The least interesting and entertaining chapter of Jungle Tales of Tarzan is
"The Nightmare," in which Tarzan dreams of being carried off by a 
huge bird; for some reason both J. Allen St. John and Richard Powers thought
that chapter most appropriate for illustration

In "The God of Tarzan," Lord Greystoke begins to learn empathy and mercy, staying his hand when he has Mbonga himself at his mercy.  In the final chapter of the book, Tarzan encounters a black man whose courage he admires, and he dissuades the apes of his tribe from slaying him.  

I haven't mentioned it before, because I know these blog posts are already too long, but in the last two Tarzan novels I read, The Son of Tarzan and Tarzan and the Jewels of Opar, Burroughs talks about religion in a way that is interesting, and this is still more the case here in Jungle Tales of Tarzan.  In those novels, Burroughs, as narrator, as well as Tarzan the character, voiced conventional ideas about religion, like that God created the world and that the bad will be punished in the afterlife, though perhaps God may show mercy on those who have misbehaved here on Earth.  Here in the Jungle Tales, Burroughs continues to endorse conventional views of God.  Tarzan, studying the books found in his dead parent's cabin, comes to wonder about God, and comes to believe that it is God who has created all the good things in the jungle, the flowers and trees and so forth, and that it is God who gives people the inclination and the courage to do the right thing, like protecting a baby or showing mercy to a helpless enemy when it might be safer or more profitable to do the wrong thing.  Burroughs does however end his chapter on Tarzan's search for God on a somewhat discordant note, as the ape-man wonders who created the vile and disgusting snake.     

While accepting the idea of a divine creator, Burroughs does appear in the Jungle Tales to attack organized religion, and not just among weirdos like those in Opar and primitives like Mbonga's cannibals.  The witch doctors in the book are selfish scammers, their religion a way of exploiting their fellows, and Mbonga is in cahoots with his tribe's priest, who shares with him a cut of the wealth  extracted from the credulous commoners.  In "Tarzan and the Black Boy," Burroughs jocularly calls this corrupt relationship between witch doctor and chief  "the age-old alliance that exists between church and state," suggesting his portrayal of African cannibals whose teeth are filed is, in part, a satire of Western elites.

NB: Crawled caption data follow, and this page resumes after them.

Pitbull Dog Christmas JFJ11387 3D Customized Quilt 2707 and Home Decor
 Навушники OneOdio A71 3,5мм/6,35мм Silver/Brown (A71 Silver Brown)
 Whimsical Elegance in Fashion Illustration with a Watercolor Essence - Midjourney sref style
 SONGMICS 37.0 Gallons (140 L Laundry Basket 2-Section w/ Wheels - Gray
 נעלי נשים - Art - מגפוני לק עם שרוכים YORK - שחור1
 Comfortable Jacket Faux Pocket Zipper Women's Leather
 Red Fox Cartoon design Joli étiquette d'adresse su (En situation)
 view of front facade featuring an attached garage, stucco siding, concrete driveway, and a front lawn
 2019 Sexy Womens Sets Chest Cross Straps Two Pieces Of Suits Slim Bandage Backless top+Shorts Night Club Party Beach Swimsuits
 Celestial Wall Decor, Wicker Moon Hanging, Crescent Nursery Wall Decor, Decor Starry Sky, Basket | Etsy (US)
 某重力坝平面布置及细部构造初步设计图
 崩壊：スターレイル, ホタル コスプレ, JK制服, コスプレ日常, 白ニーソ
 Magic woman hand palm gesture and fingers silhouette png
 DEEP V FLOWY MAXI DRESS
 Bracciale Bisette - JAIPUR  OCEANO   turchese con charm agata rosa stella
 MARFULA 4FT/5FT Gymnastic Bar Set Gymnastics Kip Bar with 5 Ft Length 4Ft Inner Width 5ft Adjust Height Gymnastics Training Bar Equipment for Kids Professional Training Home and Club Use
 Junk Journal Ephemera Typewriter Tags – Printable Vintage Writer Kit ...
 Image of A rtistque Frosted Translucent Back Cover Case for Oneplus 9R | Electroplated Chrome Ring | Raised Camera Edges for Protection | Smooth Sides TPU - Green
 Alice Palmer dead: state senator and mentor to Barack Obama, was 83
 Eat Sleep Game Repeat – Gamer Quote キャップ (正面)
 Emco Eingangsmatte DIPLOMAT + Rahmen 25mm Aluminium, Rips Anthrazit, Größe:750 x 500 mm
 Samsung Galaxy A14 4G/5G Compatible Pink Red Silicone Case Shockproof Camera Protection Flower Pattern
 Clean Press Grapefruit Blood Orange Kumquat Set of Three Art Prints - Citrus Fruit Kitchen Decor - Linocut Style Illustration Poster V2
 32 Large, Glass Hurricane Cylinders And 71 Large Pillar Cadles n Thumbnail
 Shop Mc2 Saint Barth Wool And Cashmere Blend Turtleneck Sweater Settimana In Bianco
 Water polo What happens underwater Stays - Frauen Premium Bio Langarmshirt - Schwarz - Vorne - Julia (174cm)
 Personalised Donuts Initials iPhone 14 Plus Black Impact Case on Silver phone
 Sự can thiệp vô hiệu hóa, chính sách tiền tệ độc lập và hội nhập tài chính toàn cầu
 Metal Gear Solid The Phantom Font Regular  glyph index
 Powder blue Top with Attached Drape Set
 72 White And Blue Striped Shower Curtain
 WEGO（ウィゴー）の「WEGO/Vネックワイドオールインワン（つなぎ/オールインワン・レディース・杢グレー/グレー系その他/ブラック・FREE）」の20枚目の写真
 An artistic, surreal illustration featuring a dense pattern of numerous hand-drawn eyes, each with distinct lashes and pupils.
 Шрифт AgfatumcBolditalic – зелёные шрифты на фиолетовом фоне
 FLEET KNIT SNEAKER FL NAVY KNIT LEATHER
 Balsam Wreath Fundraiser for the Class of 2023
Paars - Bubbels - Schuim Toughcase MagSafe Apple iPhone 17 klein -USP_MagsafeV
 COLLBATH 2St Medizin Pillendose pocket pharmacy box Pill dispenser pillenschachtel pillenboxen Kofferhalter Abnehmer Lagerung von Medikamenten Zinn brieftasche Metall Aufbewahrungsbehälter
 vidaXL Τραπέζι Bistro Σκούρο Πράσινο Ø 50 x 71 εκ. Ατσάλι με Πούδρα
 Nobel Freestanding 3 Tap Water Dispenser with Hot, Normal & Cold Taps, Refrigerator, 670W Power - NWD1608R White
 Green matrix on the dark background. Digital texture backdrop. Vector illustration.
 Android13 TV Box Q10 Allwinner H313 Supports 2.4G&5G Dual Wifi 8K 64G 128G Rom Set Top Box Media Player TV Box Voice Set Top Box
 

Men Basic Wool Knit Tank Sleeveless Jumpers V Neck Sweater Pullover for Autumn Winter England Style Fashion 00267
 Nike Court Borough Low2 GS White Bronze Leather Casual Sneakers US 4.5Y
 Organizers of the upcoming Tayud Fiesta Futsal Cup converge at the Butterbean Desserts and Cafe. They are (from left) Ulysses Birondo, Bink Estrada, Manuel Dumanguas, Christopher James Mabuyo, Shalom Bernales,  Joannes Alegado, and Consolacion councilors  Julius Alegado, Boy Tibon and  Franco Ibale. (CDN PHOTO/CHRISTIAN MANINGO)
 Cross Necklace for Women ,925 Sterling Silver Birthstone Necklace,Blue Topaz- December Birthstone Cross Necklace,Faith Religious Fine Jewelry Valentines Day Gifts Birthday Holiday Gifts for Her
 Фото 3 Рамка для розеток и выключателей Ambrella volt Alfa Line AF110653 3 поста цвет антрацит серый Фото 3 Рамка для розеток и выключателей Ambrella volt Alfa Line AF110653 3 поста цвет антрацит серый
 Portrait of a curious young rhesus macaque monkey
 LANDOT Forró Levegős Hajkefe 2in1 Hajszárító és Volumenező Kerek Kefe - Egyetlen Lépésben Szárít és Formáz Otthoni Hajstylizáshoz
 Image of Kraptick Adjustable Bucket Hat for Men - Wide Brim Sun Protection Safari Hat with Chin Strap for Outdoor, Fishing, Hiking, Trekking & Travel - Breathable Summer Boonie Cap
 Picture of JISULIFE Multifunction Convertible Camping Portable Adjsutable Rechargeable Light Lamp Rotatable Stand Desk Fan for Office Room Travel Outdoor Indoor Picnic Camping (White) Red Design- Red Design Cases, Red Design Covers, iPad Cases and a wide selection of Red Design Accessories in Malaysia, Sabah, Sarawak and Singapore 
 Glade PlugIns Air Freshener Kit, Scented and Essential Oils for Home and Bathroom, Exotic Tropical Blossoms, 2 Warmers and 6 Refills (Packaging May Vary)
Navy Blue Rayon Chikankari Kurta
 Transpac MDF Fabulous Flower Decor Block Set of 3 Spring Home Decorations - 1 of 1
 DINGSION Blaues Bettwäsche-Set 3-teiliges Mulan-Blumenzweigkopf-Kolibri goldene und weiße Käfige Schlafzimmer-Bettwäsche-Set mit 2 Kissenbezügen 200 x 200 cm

Burroughs has a smooth, comfortable writing style, and this book is very readable and quite entertaining.  The stories are not just an endless series of scenes in which a naked dude kills animals and people in hand-to-hand combat; while, yeah, we do get plenty of that, Burroughs also really tries to get into the heads, to depict the psychologies, of the inhabitants of his fantasy version of early-twentieth century Africa, and he succeeds in making all these characters compelling.  I've mentioned a bunch of interesting figures already, and I'll point out one last memorable minor character: a monkey who likes to watch gory fights and so tries to get apes to fight each other.

When I wrote about Tarzan and the Jewels of Opar, I said it was hard to identify with paragons like Tarzan and his wife Jane, and so I identified more with the villains, La of Opar and the renegade Belgian officer Werper, people who were driven by ordinary emotions like loneliness, lust, greed and fear, and who committed all kinds of blunders and misdeeds.  One of the strengths of Jungle Tales of Tarzan is that it is easy to identify with a young Tarzan's loneliness and efforts to learn about the world, while the dumb and insensitive things he does make him feel very human.  

Thumbs up for Jungle Tales of Tarzan!